Tariff-led rush orders may lead to cargo deficiencies

Rush orders from US importers to beat tariff deadlines help boost transpacific demand this year, but could leave a hole in cargo volume next year. APL chief executive Nicolas Sartini says a cut in capacity and a rise in scrapping will help firm up rates.

Drewry warns cargo owners about possible slot uncertainties next year, as it expected the tariff disruption to make carriers cancel more sailings on an ‘irregular basis’

RUSH orders by US importers seeking to avoid tariff increases on Chinese products will have repercussions in 2019, container carriers have been warned.

According to UBS Investment Research, cargo volume on the eastbound routes increased 2.4% year on year in the first seven months of 2018, while the Shanghai Containerised Freight Index to US west coast reached its highest point since 2014.

“We are surprised demand is actually quite so strong,” said UBS analyst Eric Lin during a panel discussion at TPM Asia in Shenzhen. “But what worries the investment community is that the better this year is then the worse it will be next year.”

The sentiment was partially reflected in the falling stock prices of the major shipping lines, he added.

Apart from US’s robust economy, the ahead-of-time delivery of Chinese imports this year to beat the tariff deadlines was another important factor behind the trade growth, the conference was told.

Last month, the US government imposed 10% tariffs on $200bn of Chinese imports and planned to increase the rate to 25% from January. The new tariffs followed 25% levies on $50bn of goods imported from China, which were enforced in July.
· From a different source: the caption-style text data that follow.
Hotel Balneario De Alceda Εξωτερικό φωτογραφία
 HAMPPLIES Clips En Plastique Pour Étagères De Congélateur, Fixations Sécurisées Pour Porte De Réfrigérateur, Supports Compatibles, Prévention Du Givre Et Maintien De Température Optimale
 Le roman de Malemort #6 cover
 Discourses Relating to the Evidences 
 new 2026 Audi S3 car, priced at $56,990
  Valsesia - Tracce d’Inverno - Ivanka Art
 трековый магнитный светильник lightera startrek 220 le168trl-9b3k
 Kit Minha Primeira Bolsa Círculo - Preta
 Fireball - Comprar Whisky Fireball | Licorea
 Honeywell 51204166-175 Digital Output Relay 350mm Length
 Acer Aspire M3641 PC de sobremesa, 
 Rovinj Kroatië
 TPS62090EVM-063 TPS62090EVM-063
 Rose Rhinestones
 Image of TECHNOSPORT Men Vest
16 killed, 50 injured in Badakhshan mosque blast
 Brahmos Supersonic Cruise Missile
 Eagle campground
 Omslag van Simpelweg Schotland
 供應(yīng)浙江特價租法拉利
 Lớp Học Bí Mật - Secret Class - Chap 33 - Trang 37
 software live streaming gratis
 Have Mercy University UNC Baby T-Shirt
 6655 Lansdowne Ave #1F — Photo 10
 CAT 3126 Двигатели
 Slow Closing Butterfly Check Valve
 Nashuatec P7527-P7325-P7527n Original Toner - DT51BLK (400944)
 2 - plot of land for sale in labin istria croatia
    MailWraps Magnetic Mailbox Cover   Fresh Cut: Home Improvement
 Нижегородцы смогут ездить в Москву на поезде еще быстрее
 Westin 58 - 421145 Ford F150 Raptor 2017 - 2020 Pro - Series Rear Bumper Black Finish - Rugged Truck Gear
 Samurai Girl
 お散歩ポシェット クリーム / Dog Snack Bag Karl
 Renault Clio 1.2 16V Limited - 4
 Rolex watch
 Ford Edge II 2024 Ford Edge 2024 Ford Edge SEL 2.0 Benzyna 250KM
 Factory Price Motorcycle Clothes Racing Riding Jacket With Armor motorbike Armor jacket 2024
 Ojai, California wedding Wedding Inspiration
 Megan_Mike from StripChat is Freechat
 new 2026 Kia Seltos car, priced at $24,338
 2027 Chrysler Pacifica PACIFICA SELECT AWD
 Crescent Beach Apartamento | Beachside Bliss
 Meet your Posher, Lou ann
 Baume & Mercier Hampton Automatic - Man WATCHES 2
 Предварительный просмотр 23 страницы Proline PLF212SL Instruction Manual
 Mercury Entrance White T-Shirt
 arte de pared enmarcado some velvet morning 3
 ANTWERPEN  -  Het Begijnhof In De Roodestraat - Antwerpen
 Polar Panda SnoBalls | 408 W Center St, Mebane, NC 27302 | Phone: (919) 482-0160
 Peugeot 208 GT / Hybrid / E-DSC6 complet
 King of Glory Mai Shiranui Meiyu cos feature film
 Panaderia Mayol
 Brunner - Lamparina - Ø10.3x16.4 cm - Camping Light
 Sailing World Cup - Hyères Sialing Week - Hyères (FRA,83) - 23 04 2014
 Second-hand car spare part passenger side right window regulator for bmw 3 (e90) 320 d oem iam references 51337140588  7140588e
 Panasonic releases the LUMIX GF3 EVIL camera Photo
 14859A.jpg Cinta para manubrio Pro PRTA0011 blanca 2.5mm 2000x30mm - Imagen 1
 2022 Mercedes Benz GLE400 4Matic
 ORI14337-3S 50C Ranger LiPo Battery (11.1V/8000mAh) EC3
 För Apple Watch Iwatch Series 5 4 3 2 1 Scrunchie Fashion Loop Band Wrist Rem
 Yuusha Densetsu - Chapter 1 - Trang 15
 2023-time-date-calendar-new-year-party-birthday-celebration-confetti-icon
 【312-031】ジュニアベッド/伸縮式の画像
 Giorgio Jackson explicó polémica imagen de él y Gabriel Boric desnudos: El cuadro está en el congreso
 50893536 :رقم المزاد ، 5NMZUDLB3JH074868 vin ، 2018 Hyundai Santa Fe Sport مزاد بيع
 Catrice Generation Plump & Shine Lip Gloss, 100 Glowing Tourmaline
Alan Mctaggart, group logistics director of Techtronic Industries, said his company had shipped many of its products to US to avoid the tariff disruptions, and would ship even more by the end of this year.

“When we ship all these in 2018, we will have a hole in our business in 2019 regardless of the optimism of the US consumers.”

Mr Mactaggart books around 65,000 teu of containers annually, of which 50,000 teu are destined for North America. His company makes power tools and equipment mainly in China.

Carriers were also aware of the issue.

APL chief executive Nicolas Sartini said the demand momentum would continue into January next year ahead of the Chinese New Year which starts in early February.

But he conceded that “probably February and March will be a bit slower”.

He told Lloyd’s List that shipping lines were likely to cancel some sailings if cargo volume dropped.

A key upside driver is scrapping which is expected to increase next year, as old tonnage became increasingly uncompetitive amid high bunker prices.

“Scrapping this year is very low. I think it will increase in 2019 and 2020,” Mr Sartini said.

As a result, he was confident that the transpacific contract rates next year would rise.

“We carriers need to recover our costs. Before even talking about the International Maritime Organization’s low-sulphur regulations in 2020, the fuel price has already increased by more than 20% since the beginning of this year.”

Drewry analyst Philip Damas also estimated a moderate increase in contract rates in 2019, partially owing to higher fuel costs and partially to a perceived capacity reduction.

This was because carriers had to react to the impact of the Sino-US tariff war, which, if it escalates next year, has the potential to reverse the current transpacific trade growth, he added.

He also warned beneficial cargo owners about possible slot uncertainties next year, as he expected the tariff disruption to lead carriers to make more cancellations of sailings on an “irregular basis”.